Transcreverei alguns poemas de Augusto dos Anjos e de Mallarmé em que imagens wagnerianas fornecem o norte para a contemplação estética de quem os lê. Augusto dos Anjos escreveu dois poemas com imagens wagnerianas: “Numa Forja” e “O Canto dos Presos”. A forja é uma imagem constante na poética sonora de Wagner e “Numa Forja”, além da associação imagética, temos também Augusto dos Anjos emulando o estilo aliterativo wagneriano:
“Como que a forja tétrica
Num estridor de estrago
Executava em lúgubre crescendo
A antífona assimétrica
E o incompreensível wagnerismo aziago
De seu destino horrendo!”
Além do termo “wagnerismo”, outros, ligados à música, também surgem: “crescendo” e “antífona”. E também: essa estrofe contém aliterações múltiplas, estilo característico da escrita poética de Wagner: “Como que a forja tétrica / Num estridor de estrago”

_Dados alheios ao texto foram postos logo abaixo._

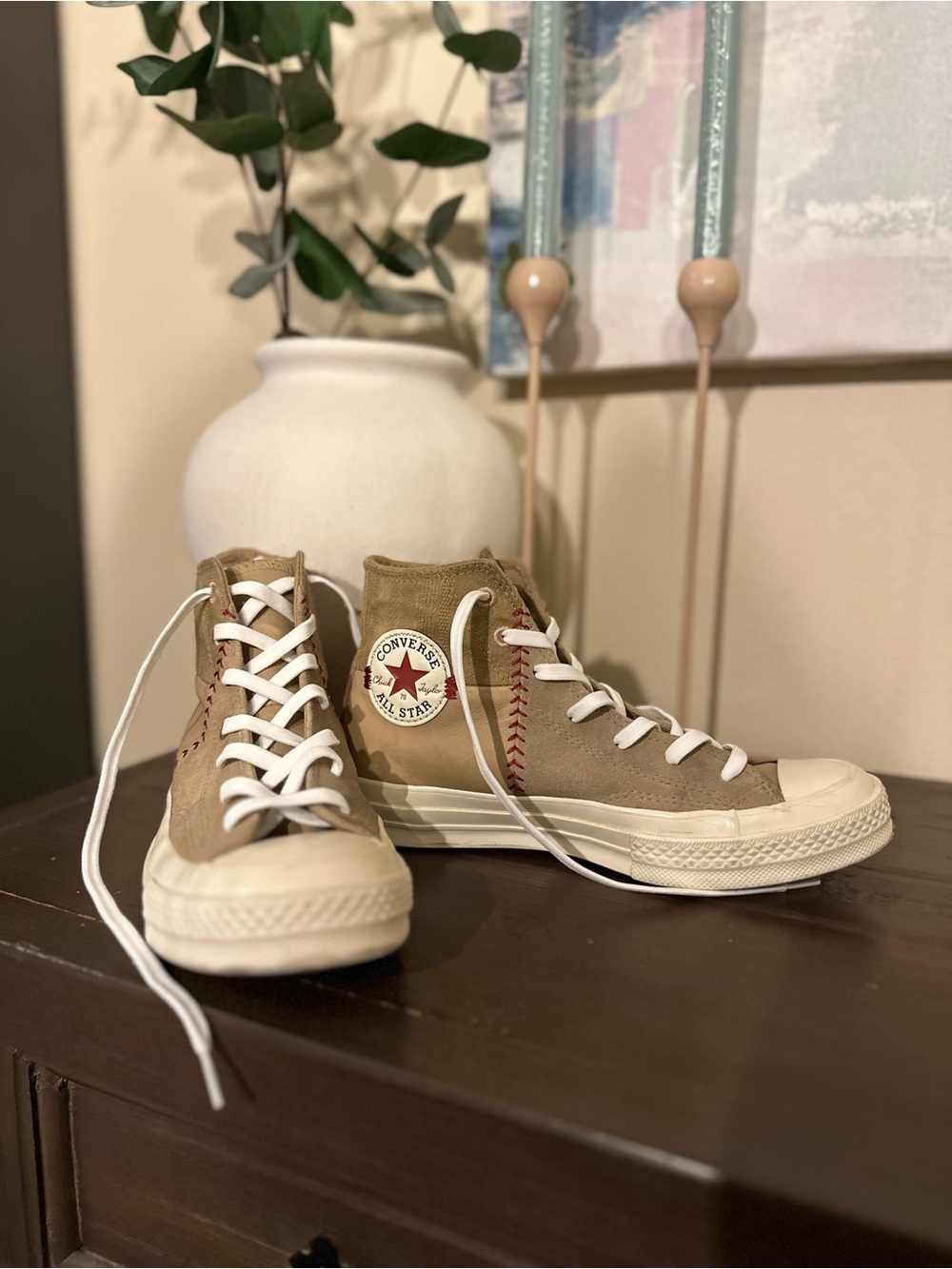 Converse High Top Sneakers in Tan and White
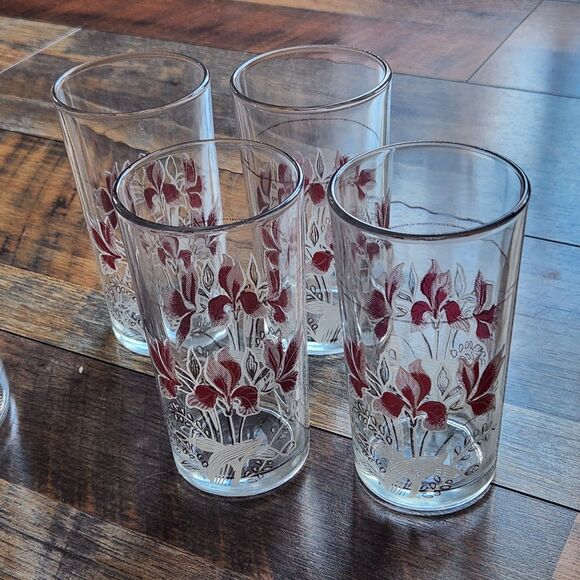 Vtg MCM Covetro Italian Pink Floral Pitcher &Glass Highball Drink Set Gold Trim - Picture 8 of 11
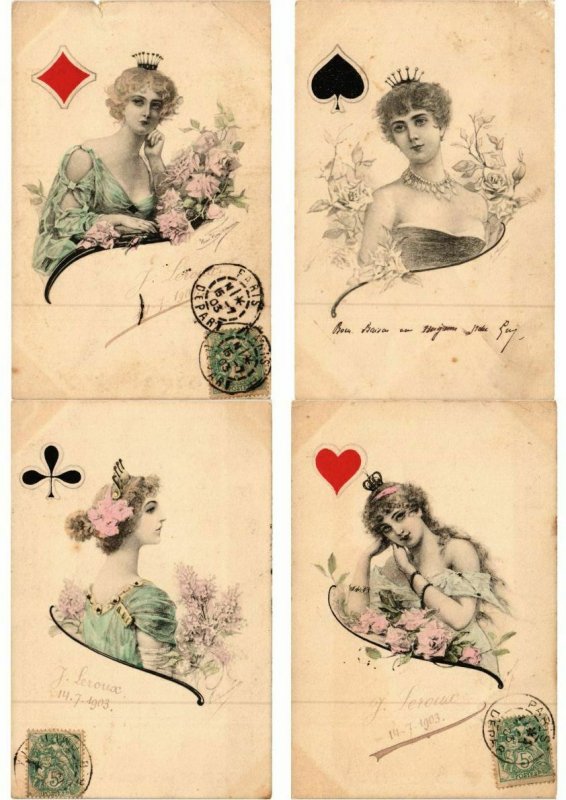 CARD GAMES JEUX DE CARTES PLAYING CARDS GLAMOUR 13 CPA  (L2596)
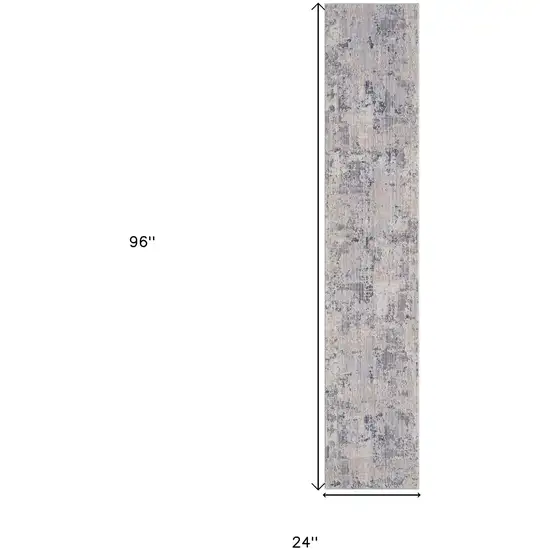 Gray Abstract Runner Rug Photo 9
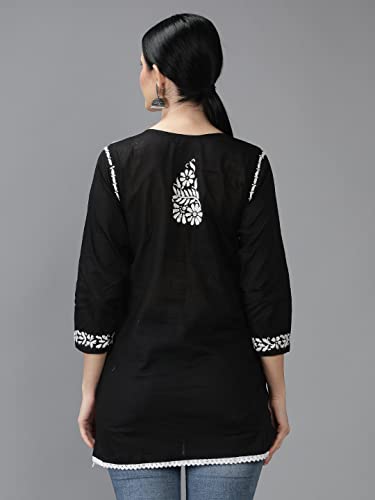 Image of Seva Chikan Hand Embroidered Lucknowi Chikankari Cotton Short Top Tunic for Women SCL9017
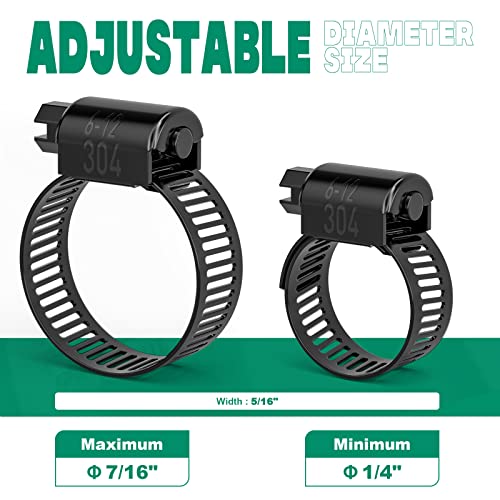 OURU 40PCS 1/4"-7/16" Black Hose Clamp,Adjustable 6-12mm Small Hose Clamps Stainless Steel,Metal Worm Gear Drive Hose Clamps for Automotive,Plumbing,Intercooler,Pipe,Fuel Line Radiator Clamps - size: 40PCS (1/4" - 7/16")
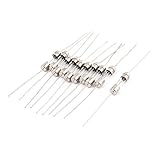 スローブロー時間遅延アキシャルリードガラス管を5×20ミリメートル15Aは10個入りを融合します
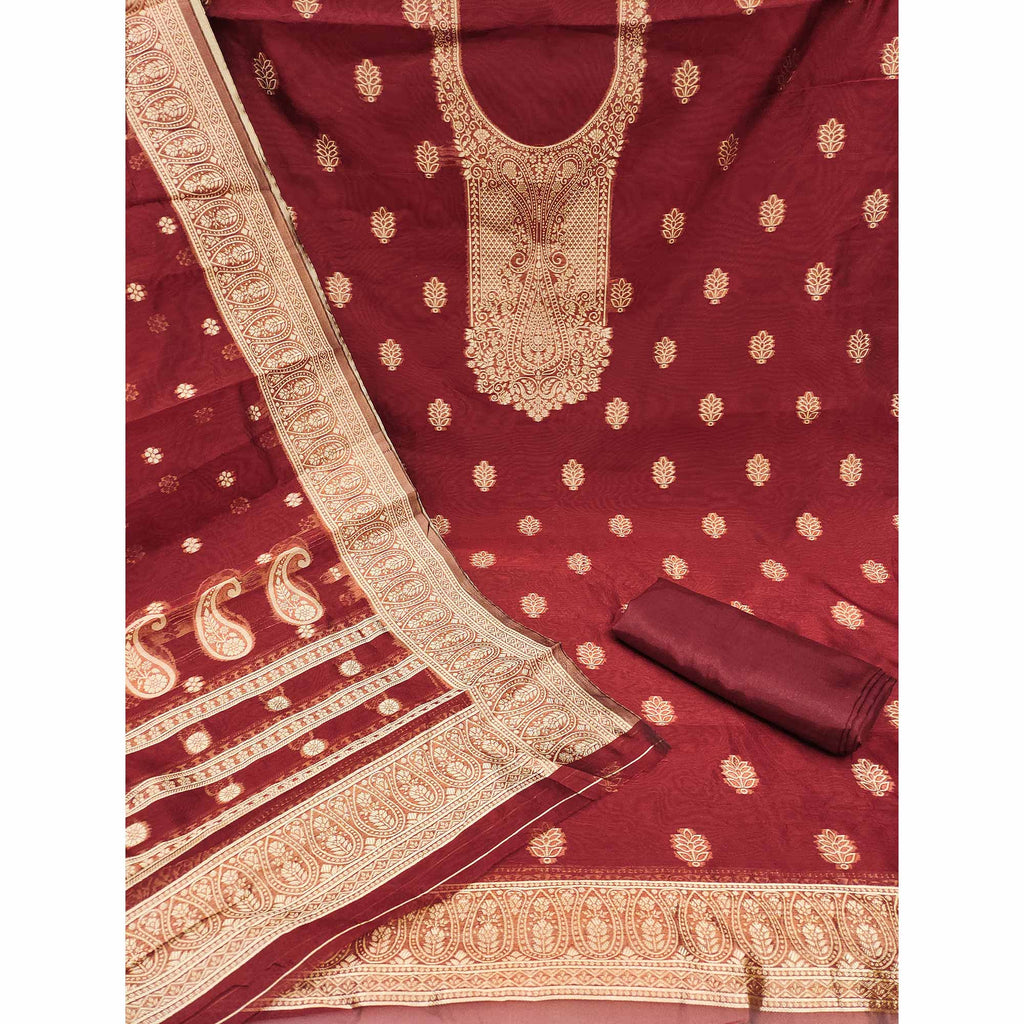 Maroon Zari Floral Jacquard Weaving on Shimmer Silk Dress Material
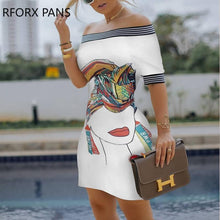 将图片加载到图库查看器,Women Figure Print Striped Tape Bodycon Dress Casual Dress Elegant Fashion Chic Dress channelwill-1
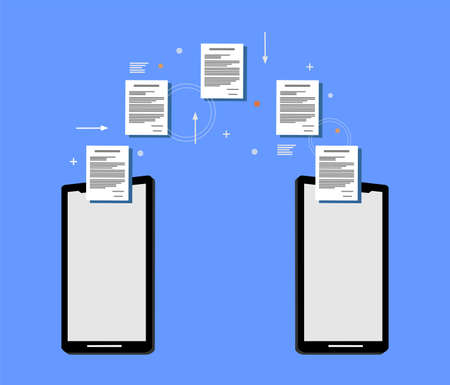 two smartphones and some document paper on itのイラスト素材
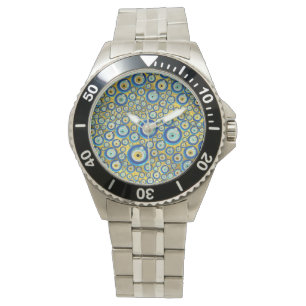 Greek Blue Glass Evil Eye Amulet Pattern Watch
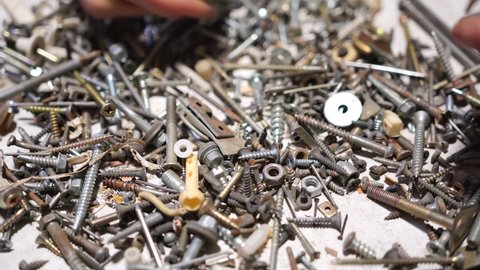 Hand Putting Sorting Screws Nails Bolts Stock Footage Video (100% ...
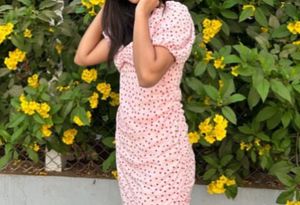 Pink Polka Dot Mini Dress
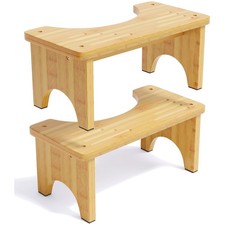Bamboo Toilet Stool 2 Pack - 7 Inch Squatting Step
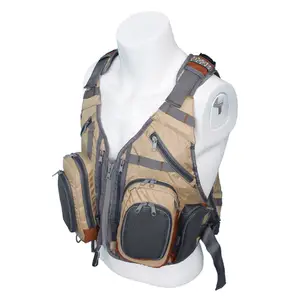 Hot Sales Wholesale Custom Quick-Dry Nylon Floating Flying Fishing Sleeveless Mesh Life Vest with Multi Pockets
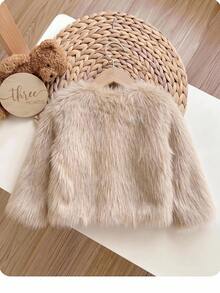 Baby Girl Autumn/Winter Cute Versatile Fluffy Apricot Jacket Coat - Apricot - View 5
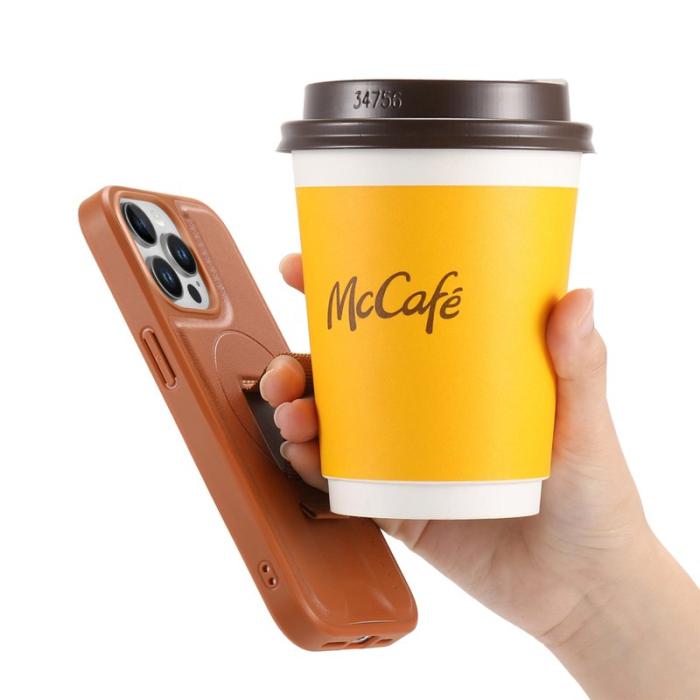 CASENEO - CASENEO iPhone 13 Pro Skal med Handledsrem PU Läder Brun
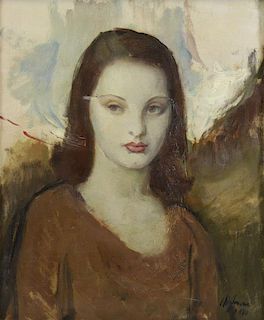 HOFFMAN. Oil on Canvas. Portrait of a Girl, 1930.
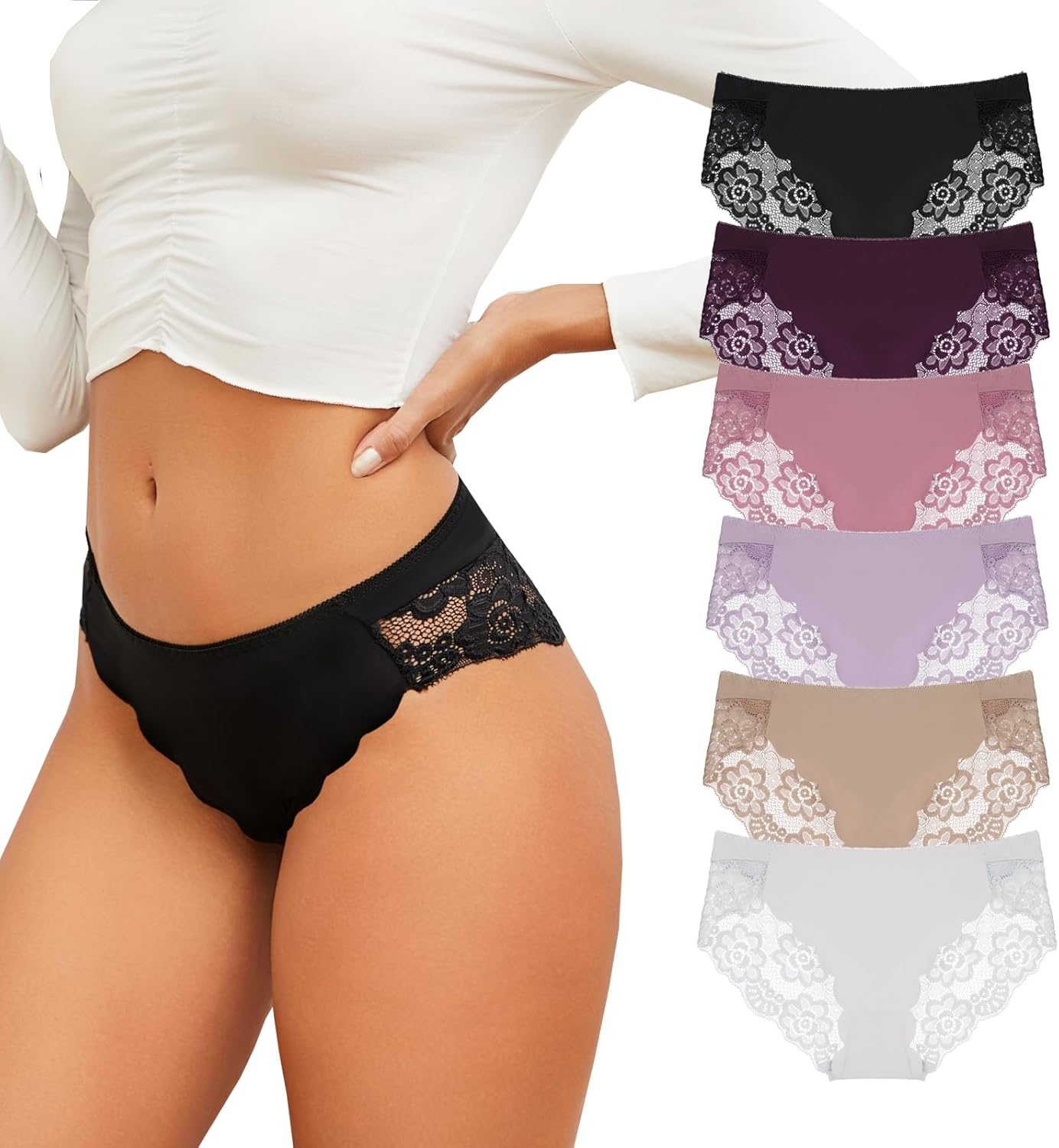 Seamless Women Underwear No Show Sexy Lace Wasit Bikini Breathable Hipster Workout Cheeky Panties Wave edge 6 Pack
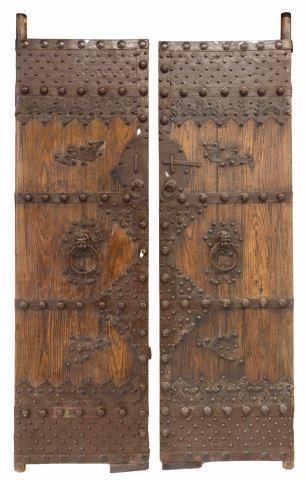 (2) ARCHITECTURAL CHINESE IRON-MOUNTED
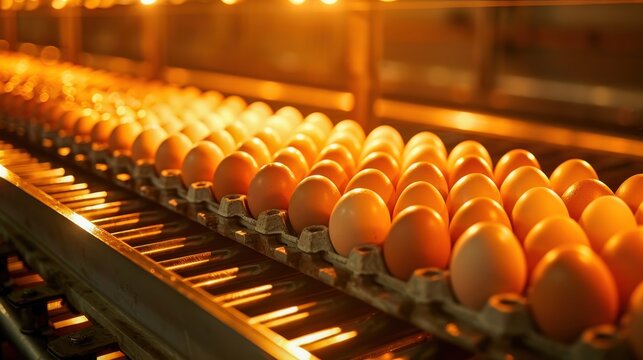 Automated production line with fresh eggs in a poultry farm, illuminated by warm lights, showcasing industrial food processing and production.
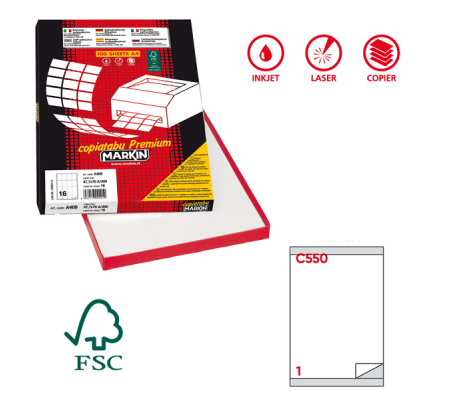 Etichetta adesiva C550 - permanente - 210 x 280 mm - 1 etichetta per foglio - bianco - scatola 100 fogli A4 - Markin - 210C550 - 8007047027160 - DMwebShop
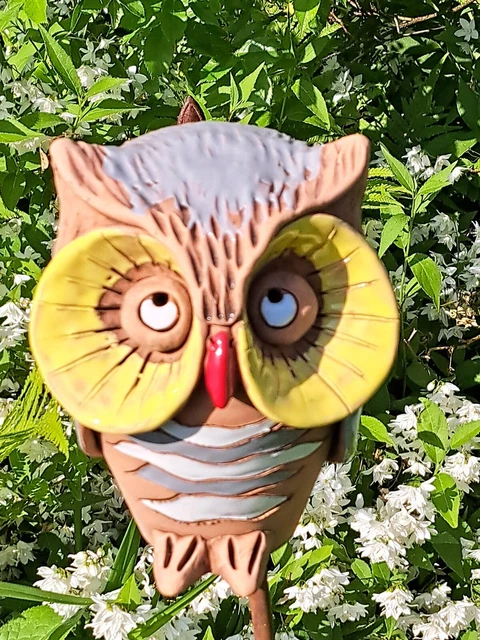 KERAMIK EULE DEKORATION Gartenkugel Kugel Figur Gartenstecker
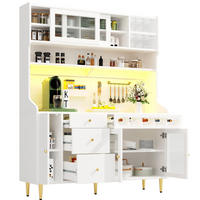 BUFFET 145/39/171 cm Weiß aus MDF mit LED und Weinregal - Weiß, Glas (145/171/39cm) - OKWISH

No “Canto dos Presos” lemos: “No wagnerismo desses sons confusos”. Ao colocar em um mesmo verso “wagnerismo” e “confusos”, dos Anjos reproduz parte do pensamento que se tinha sobre a música wagneriana: caótica, barulhenta e carente de melodias. E, para terminar, um soneto de Mallarmé. Sobre este soneto escreverei um outro artigo.
Pois é preciso a morte para saber o Mistério
Silêncio de um tecido em seda cinerário
Mais que uma só dobra pode desdobrar
Sobre o móvel que a queda de um grande pilar
Derroca com a memória em estado precário.
O nosso antigo embate triunfal do glossário
Em cifras, hieróglifos de que o milhar
Se ergue a ressoar com a asa um fremir familiar!
Guardem-no, para mim, melhor, no armário.
Do ridente fragor original odiado
Por entre as claridades mestras viu-se alçado
Até um adro nascido para simulacro,
Trompas fortes de braço ouro sobre velinos,
Richard Wagner, o Deus, a irradiar ritual sacro
Que a tinta mal cala em soluços sibilinos.